(Captioned web images)

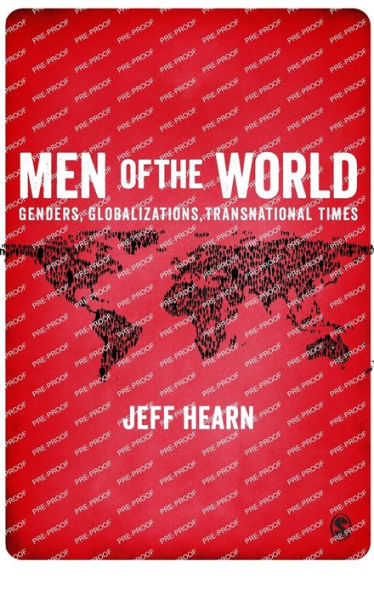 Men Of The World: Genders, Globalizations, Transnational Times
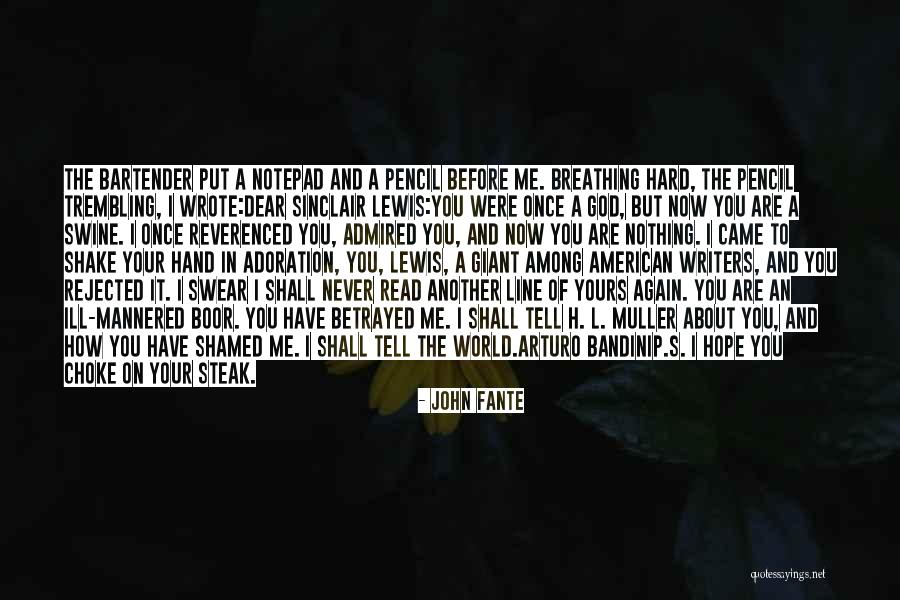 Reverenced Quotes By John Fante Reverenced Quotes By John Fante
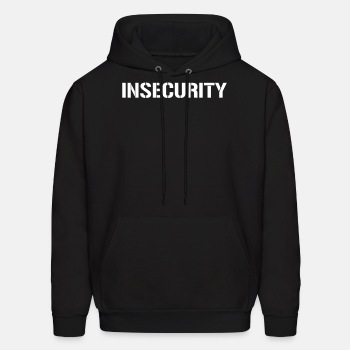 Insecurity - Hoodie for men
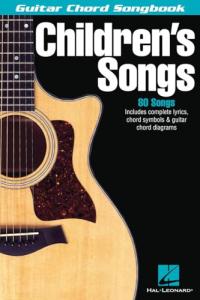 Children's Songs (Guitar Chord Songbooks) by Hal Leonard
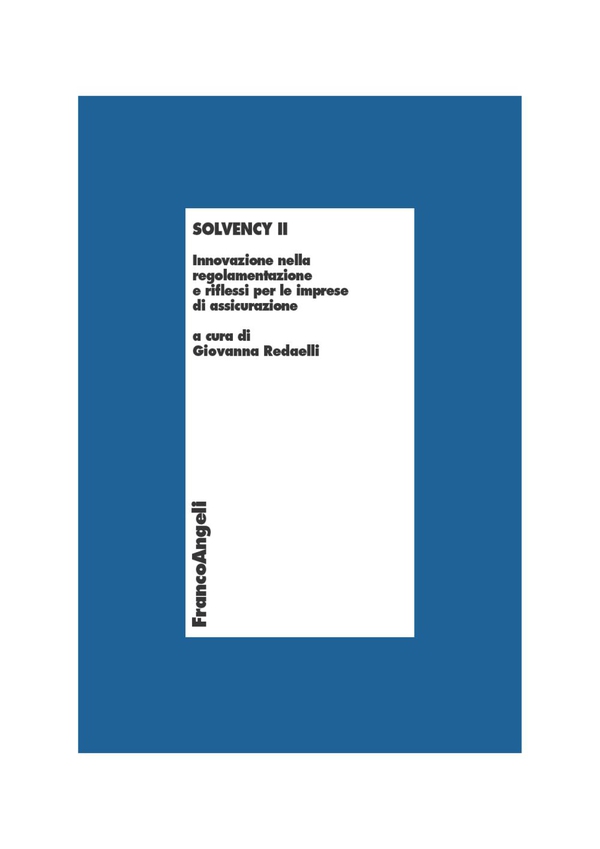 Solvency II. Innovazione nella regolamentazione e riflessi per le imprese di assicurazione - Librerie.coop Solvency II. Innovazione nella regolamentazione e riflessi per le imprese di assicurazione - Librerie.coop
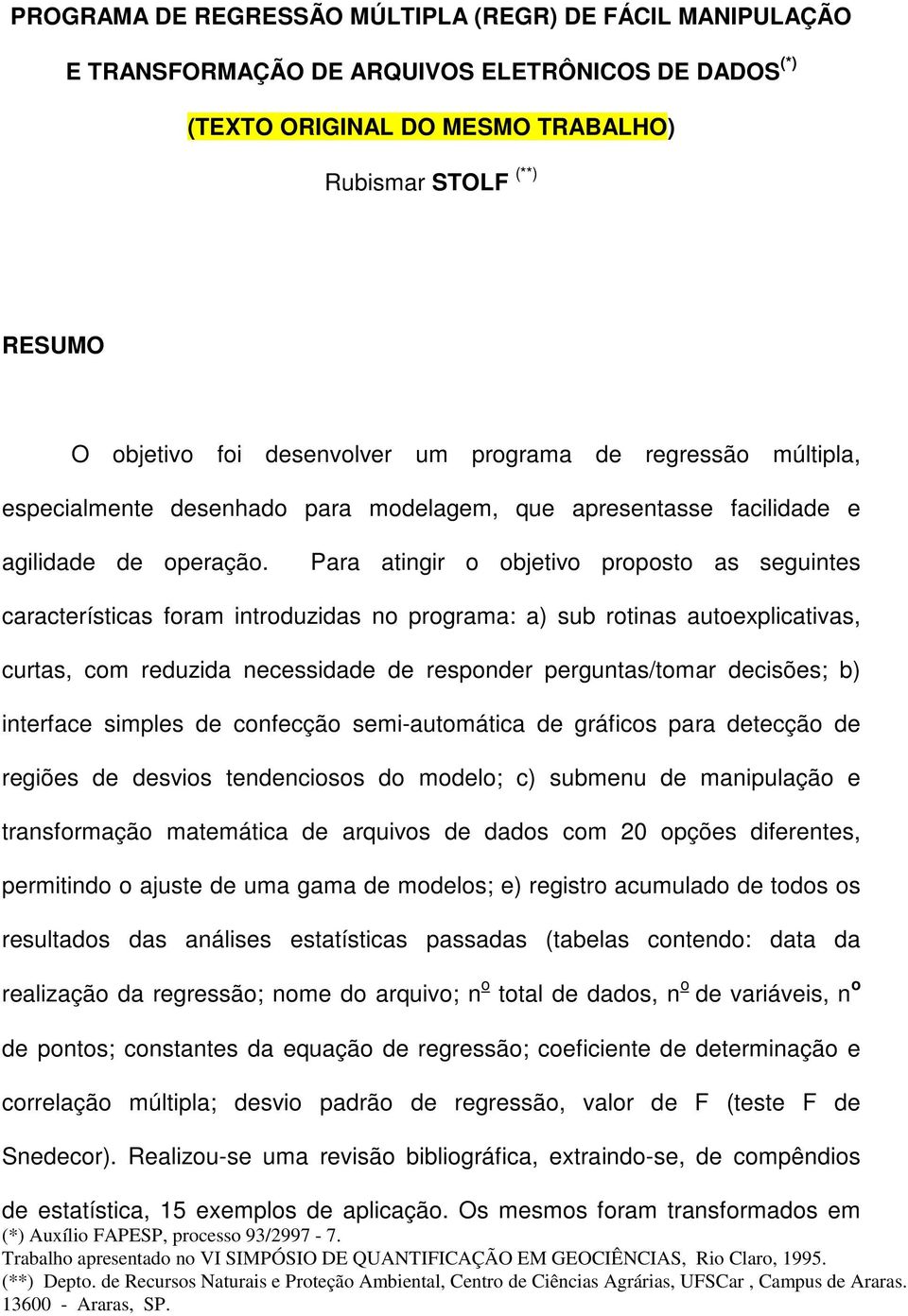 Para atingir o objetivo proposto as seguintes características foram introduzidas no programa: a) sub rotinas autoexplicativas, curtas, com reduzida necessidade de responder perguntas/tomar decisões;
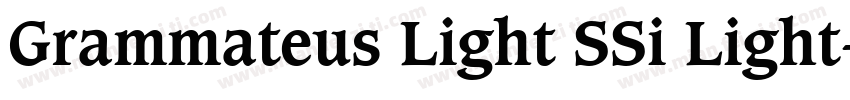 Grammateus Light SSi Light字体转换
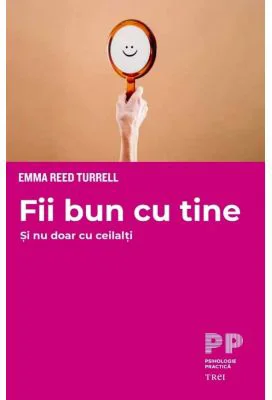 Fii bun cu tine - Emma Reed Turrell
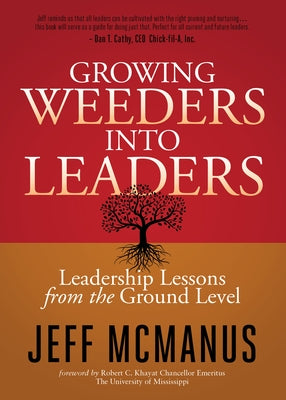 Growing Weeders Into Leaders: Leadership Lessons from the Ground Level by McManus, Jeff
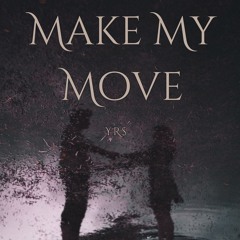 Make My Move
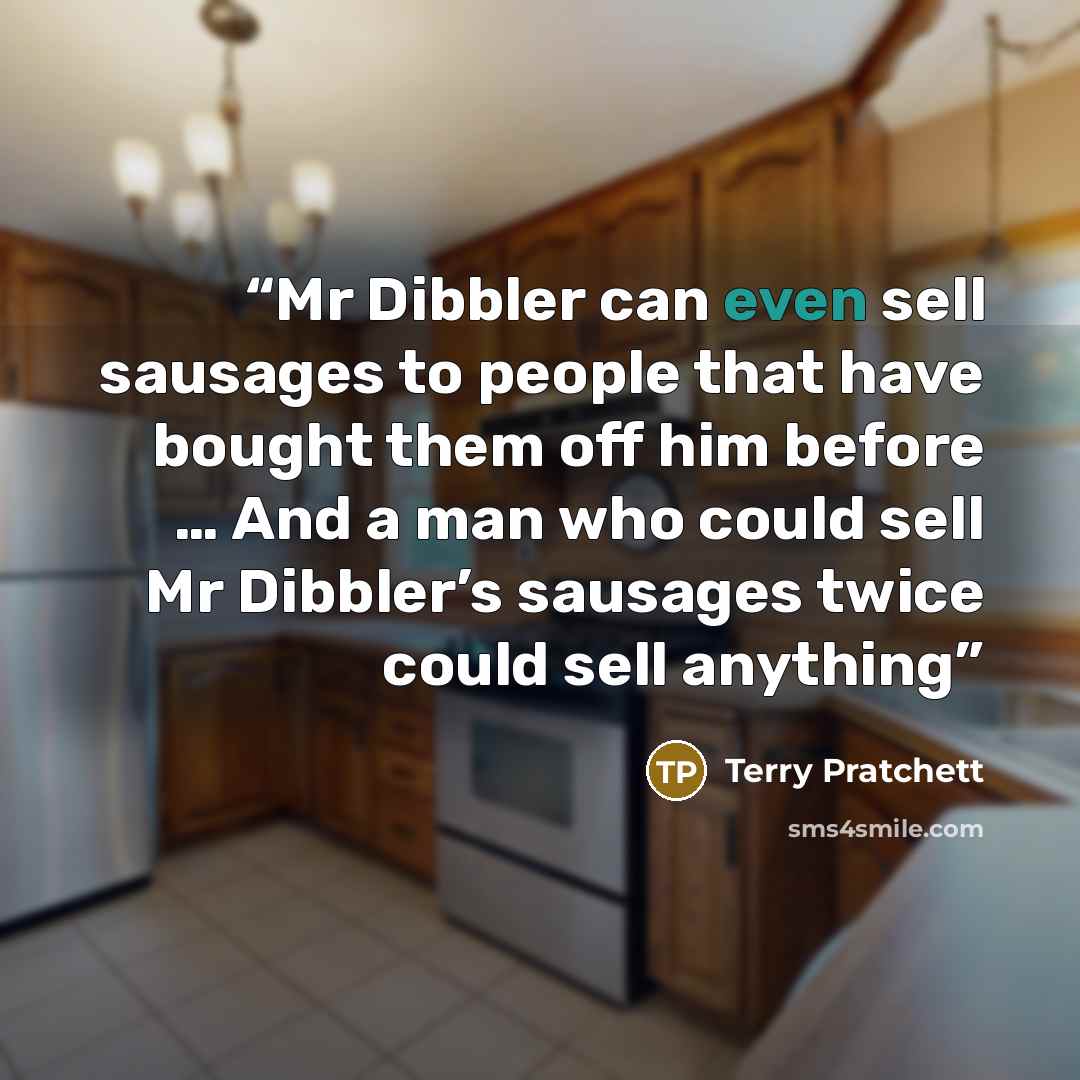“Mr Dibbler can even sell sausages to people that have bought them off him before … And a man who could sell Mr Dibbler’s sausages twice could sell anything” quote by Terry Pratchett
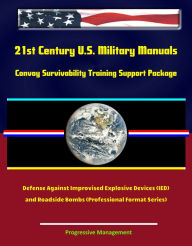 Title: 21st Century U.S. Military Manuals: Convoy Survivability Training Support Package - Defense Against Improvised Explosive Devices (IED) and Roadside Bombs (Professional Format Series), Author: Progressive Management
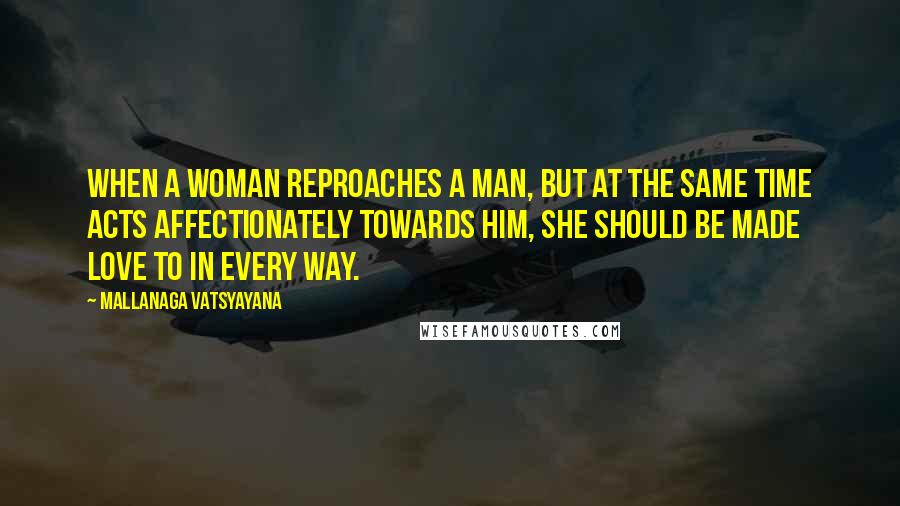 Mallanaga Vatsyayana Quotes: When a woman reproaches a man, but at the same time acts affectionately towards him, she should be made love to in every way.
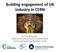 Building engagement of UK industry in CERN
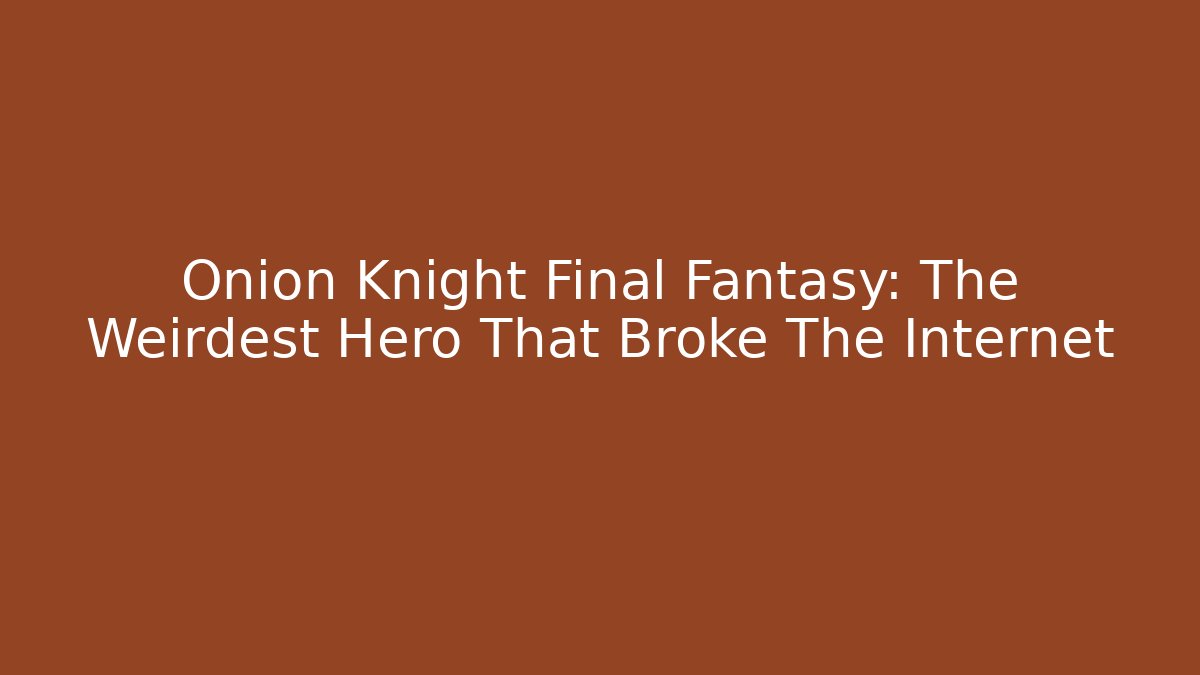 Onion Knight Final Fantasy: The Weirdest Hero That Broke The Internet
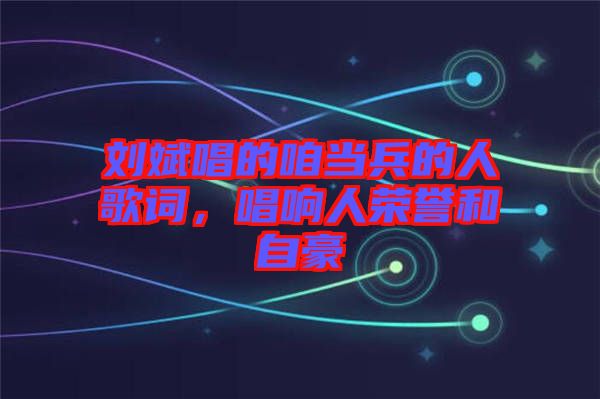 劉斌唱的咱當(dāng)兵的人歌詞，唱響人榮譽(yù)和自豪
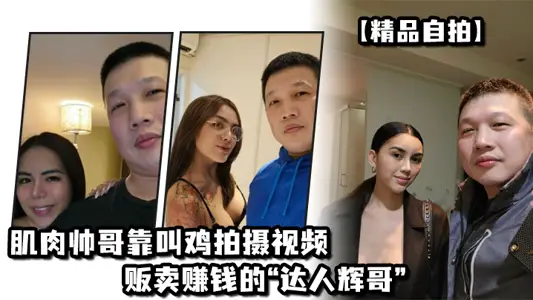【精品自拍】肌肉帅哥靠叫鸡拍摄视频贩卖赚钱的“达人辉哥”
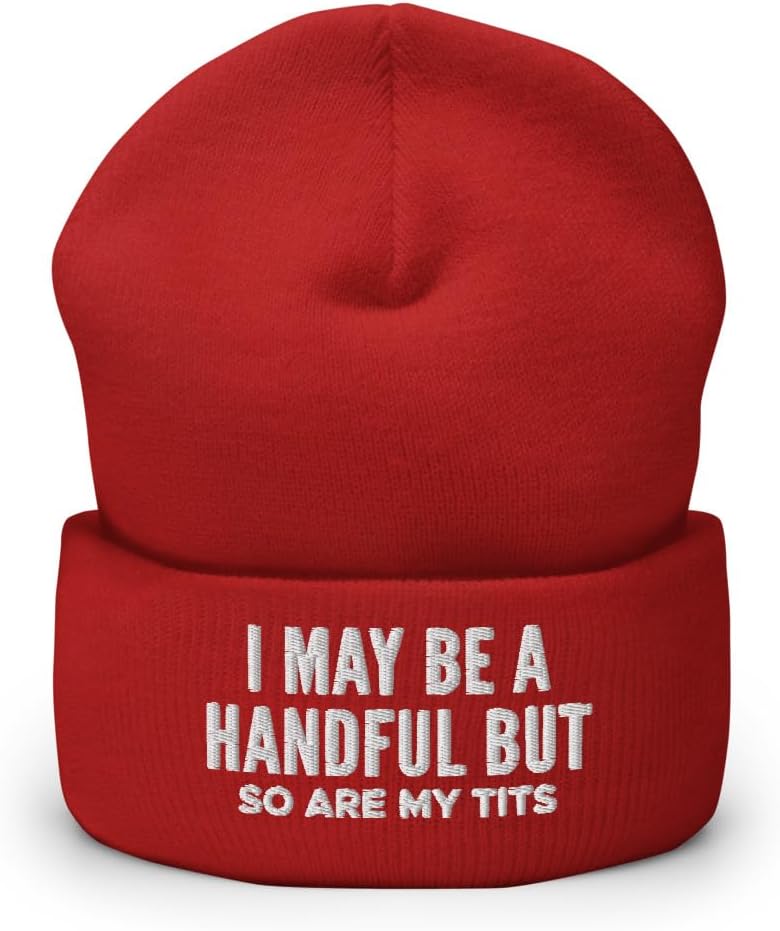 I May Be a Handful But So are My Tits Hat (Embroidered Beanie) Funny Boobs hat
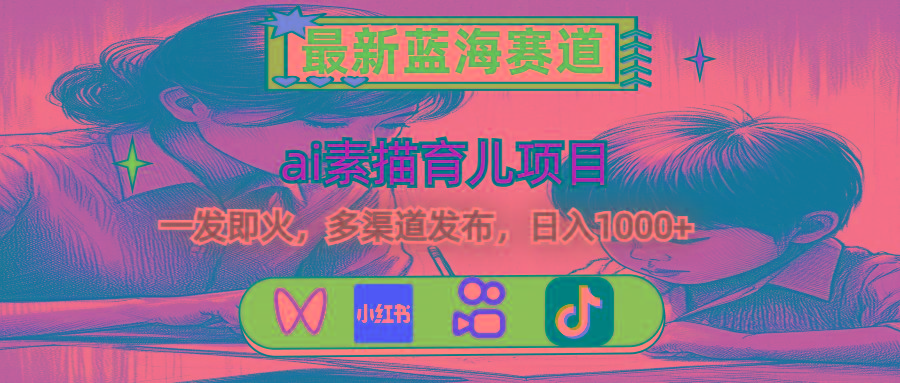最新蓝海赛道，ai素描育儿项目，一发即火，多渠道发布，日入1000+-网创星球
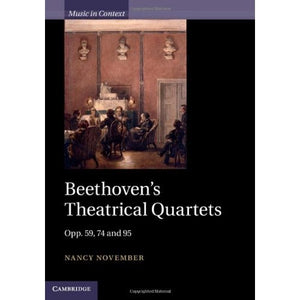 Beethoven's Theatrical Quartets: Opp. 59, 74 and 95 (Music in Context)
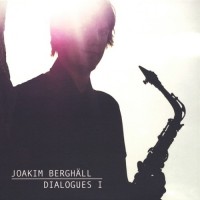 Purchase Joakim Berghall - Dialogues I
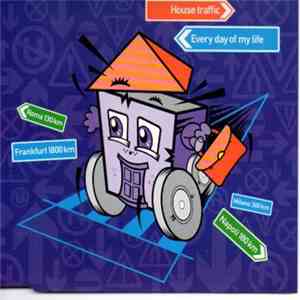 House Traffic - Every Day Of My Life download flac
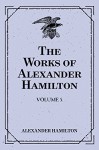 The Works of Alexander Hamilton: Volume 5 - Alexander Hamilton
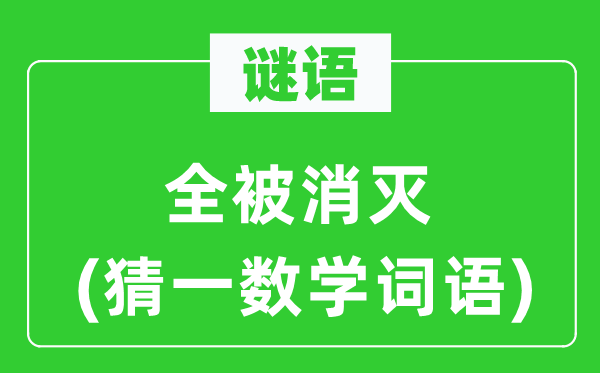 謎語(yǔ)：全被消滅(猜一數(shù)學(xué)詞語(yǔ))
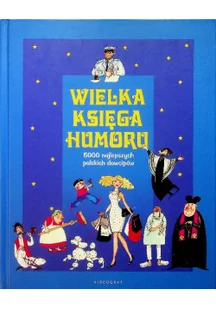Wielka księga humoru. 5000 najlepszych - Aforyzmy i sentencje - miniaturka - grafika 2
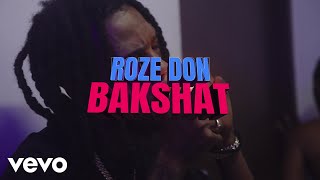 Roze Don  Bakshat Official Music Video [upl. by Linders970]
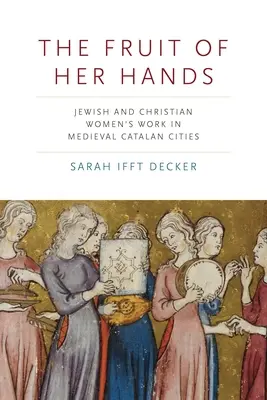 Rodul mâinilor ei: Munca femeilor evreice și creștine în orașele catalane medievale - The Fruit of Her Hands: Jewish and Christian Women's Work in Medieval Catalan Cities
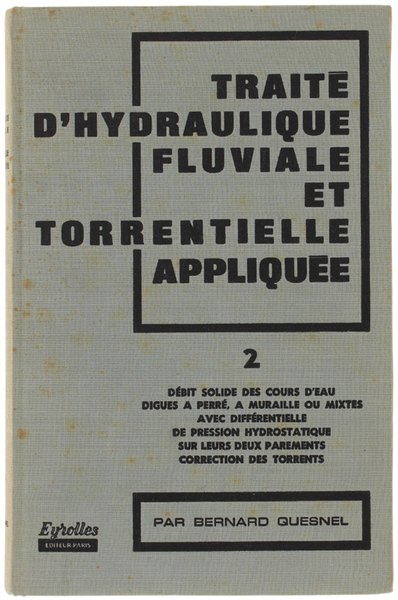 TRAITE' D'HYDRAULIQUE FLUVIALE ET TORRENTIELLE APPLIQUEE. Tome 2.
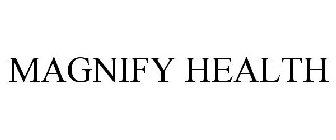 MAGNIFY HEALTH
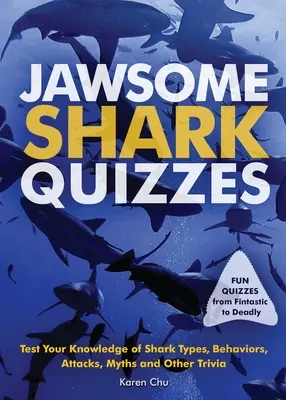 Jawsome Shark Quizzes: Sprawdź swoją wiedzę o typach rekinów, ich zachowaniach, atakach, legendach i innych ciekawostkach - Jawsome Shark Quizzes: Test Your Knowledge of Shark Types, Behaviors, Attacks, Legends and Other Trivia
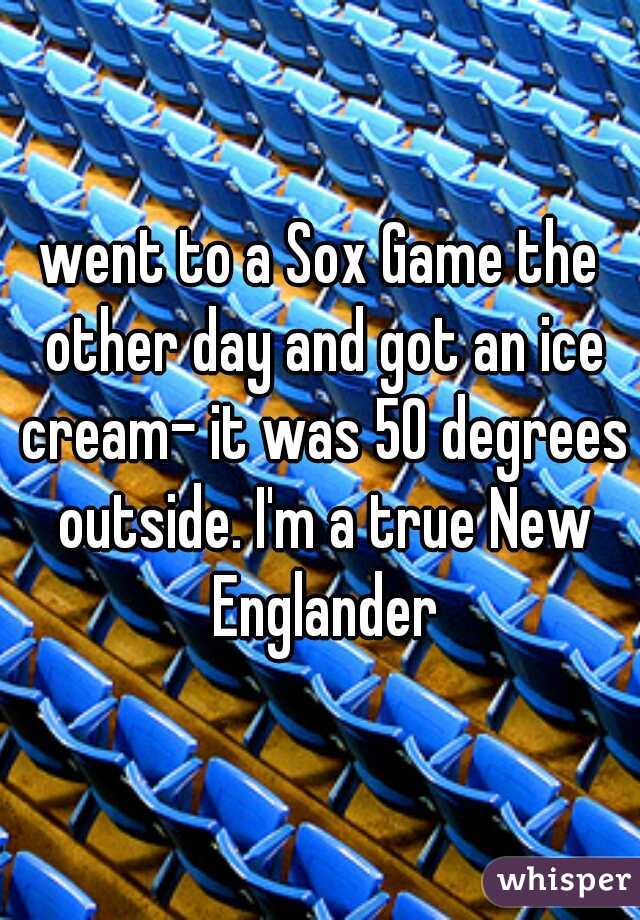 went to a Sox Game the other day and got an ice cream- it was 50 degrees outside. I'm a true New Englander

*WORK ITEM*:
The entries above need to be output again in full, exactly, and without pictures.

*RESPONSE FOR THIS EXERCISE*:
 Men Of The World: Genders, Globalizations, Transnational Times
 Reverenced Quotes By John Fante Reverenced Quotes By John Fante
 Insecurity - Hoodie for men
 Children's Songs (Guitar Chord Songbooks) by Hal Leonard
 Solvency II. Innovazione nella regolamentazione e riflessi per le imprese di assicurazione - Librerie.coop Solvency II. Innovazione nella regolamentazione e riflessi per le imprese di assicurazione - Librerie.coop
 Para atingir o objetivo proposto as seguintes características foram introduzidas no programa: a) sub rotinas autoexplicativas, curtas, com reduzida necessidade de responder perguntas/tomar decisões;
 Grammateus Light SSi Light字体转换
 Fii bun cu tine - Emma Reed Turrell
 Growing Weeders Into Leaders: Leadership Lessons from the Ground Level by McManus, Jeff
 Make My Move
“Mr Dibbler can even sell sausages to people that have bought them off him before … And a man who could sell Mr Dibbler’s sausages twice could sell anything” quote by Terry Pratchett
 Title: 21st Century U.S. Military Manuals: Convoy Survivability Training Support Package - Defense Against Improvised Explosive Devices (IED) and Roadside Bombs (Professional Format Series), Author: Progressive Management
 Mallanaga Vatsyayana Quotes: When a woman reproaches a man, but at the same time acts affectionately towards him, she should be made love to in every way.
 Building engagement of UK industry in CERN
 Onion Knight Final Fantasy: The Weirdest Hero That Broke The Internet
 劉斌唱的咱當(dāng)兵的人歌詞，唱響人榮譽(yù)和自豪
【精品自拍】肌肉帅哥靠叫鸡拍摄视频贩卖赚钱的“达人辉哥”
 I May Be a Handful But So are My Tits Hat (Embroidered Beanie) Funny Boobs hat
最新蓝海赛道，ai素描育儿项目，一发即火，多渠道发布，日入1000+-网创星球
 Beethoven's Theatrical Quartets: Opp. 59, 74 and 95 (Music in Context)
 Purchase Joakim Berghall - Dialogues I
 House Traffic - Every Day Of My Life download flac
 The Works of Alexander Hamilton: Volume 5 - Alexander Hamilton
 謎語(yǔ)：全被消滅(猜一數(shù)學(xué)詞語(yǔ))
Wielka księga humoru. 5000 najlepszych - Aforyzmy i sentencje - miniaturka - grafika 2
 Roze Don  Bakshat Official Music Video [upl. by Linders970]
 Rodul mâinilor ei: Munca femeilor evreice și creștine în orașele catalane medievale - The Fruit of Her Hands: Jewish and Christian Women's Work in Medieval Catalan Cities
 TRAITE' D'HYDRAULIQUE FLUVIALE ET TORRENTIELLE APPLIQUEE. Tome 2.
 MAGNIFY HEALTH
 Jawsome Shark Quizzes: Sprawdź swoją wiedzę o typach rekinów, ich zachowaniach, atakach, legendach i innych ciekawostkach - Jawsome Shark Quizzes: Test Your Knowledge of Shark Types, Behaviors, Attacks, Legends and Other Trivia
 went to a Sox Game the other day and got an ice cream- it was 50 degrees outside. I'm a true New Englander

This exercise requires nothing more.